### Problem
Exactly the lines below starting at the line with "Garland Artificial Grass" and ending at the line with "Front Center Bumper" are wanted, with both ends included. Leave out the pictures and add no other lines.

(Data items)

════════════════

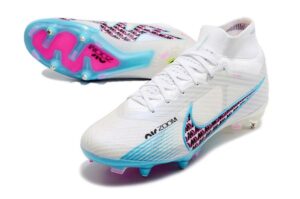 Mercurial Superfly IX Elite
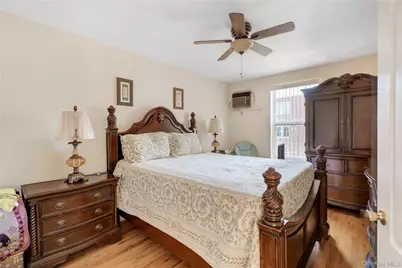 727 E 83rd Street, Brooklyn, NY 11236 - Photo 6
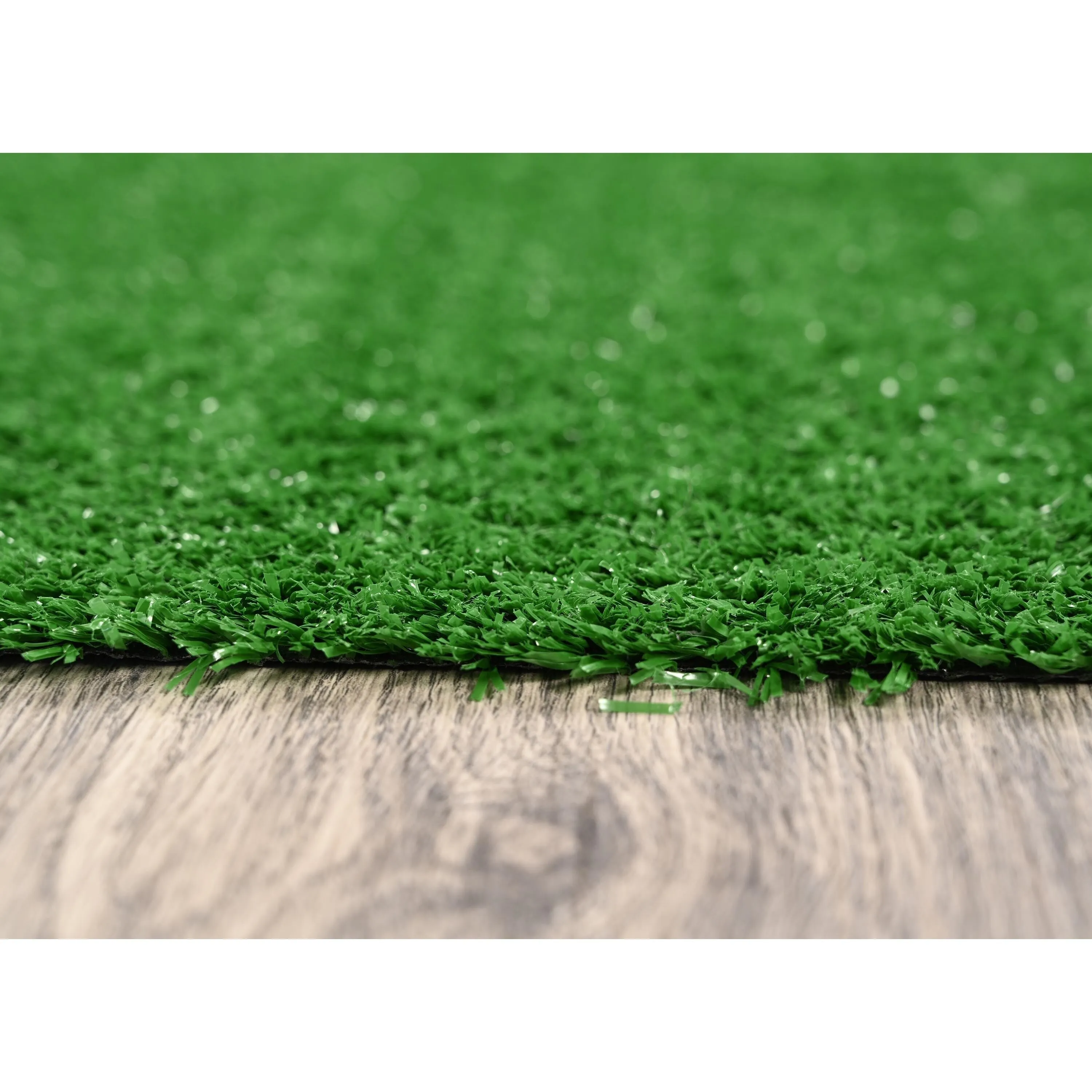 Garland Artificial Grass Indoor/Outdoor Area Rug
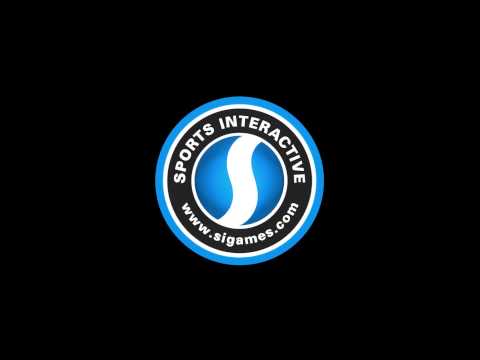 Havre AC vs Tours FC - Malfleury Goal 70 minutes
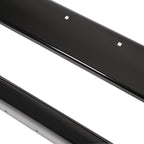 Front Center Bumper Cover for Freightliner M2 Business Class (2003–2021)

════════════════

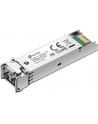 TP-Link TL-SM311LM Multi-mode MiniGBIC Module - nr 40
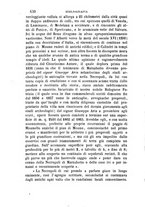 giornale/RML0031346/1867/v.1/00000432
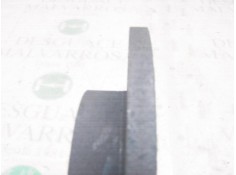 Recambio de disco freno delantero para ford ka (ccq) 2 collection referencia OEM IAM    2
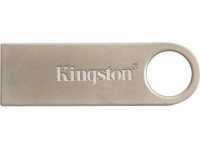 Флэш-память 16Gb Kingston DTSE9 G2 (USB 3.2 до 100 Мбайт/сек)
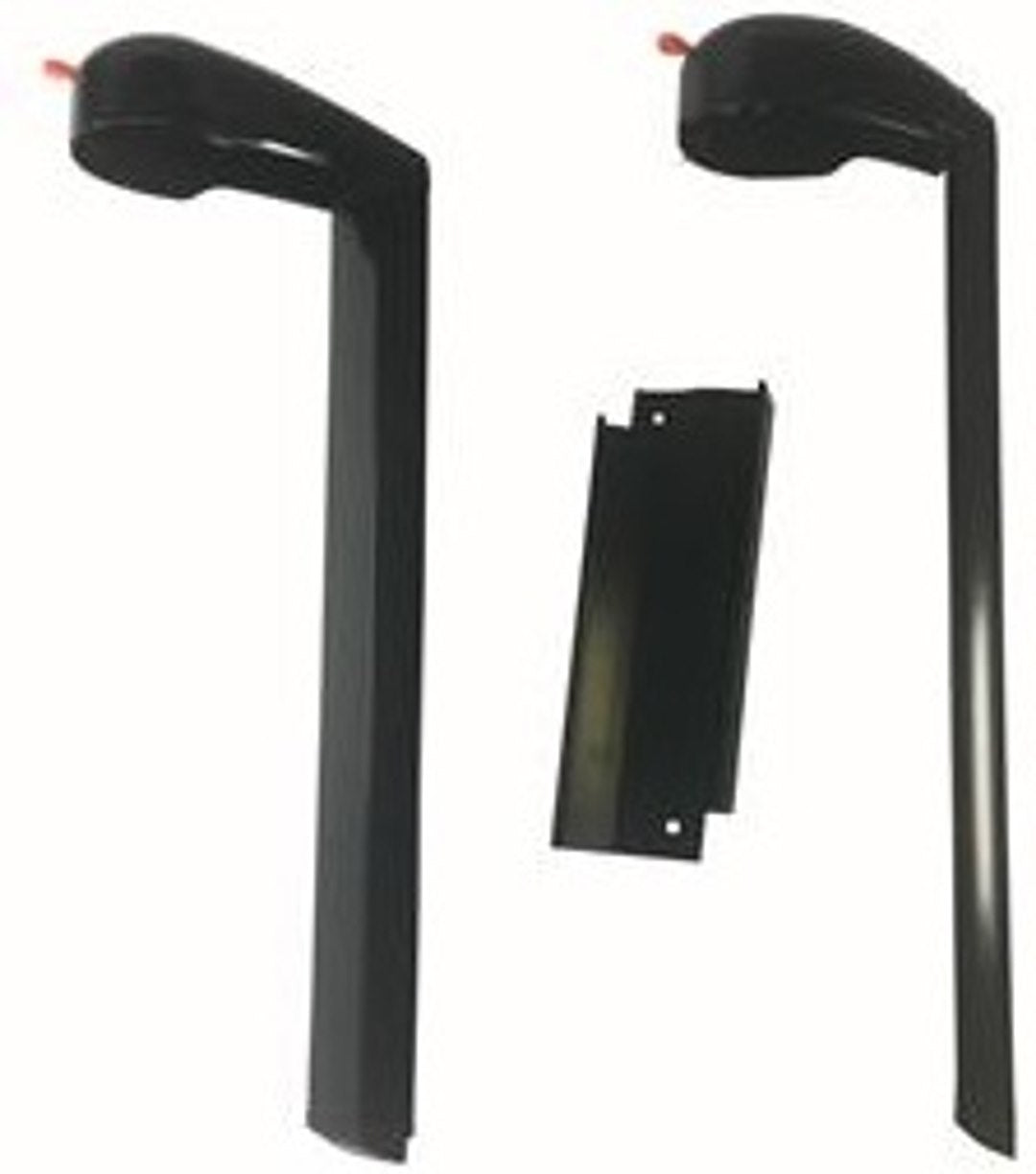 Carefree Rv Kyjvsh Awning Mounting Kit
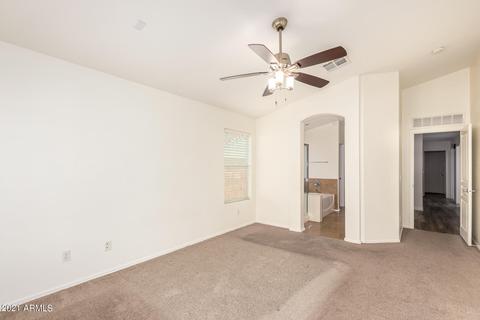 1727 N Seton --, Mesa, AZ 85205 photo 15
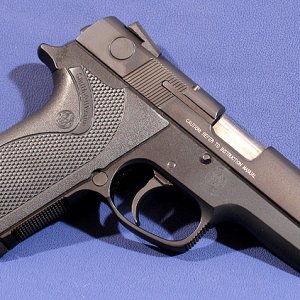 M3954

════════════════

### Response box
 Garland Artificial Grass Indoor/Outdoor Area Rug
 Havre AC vs Tours FC - Malfleury Goal 70 minutes
 Front Center Bumper Cover for Freightliner M2 Business Class (2003–2021)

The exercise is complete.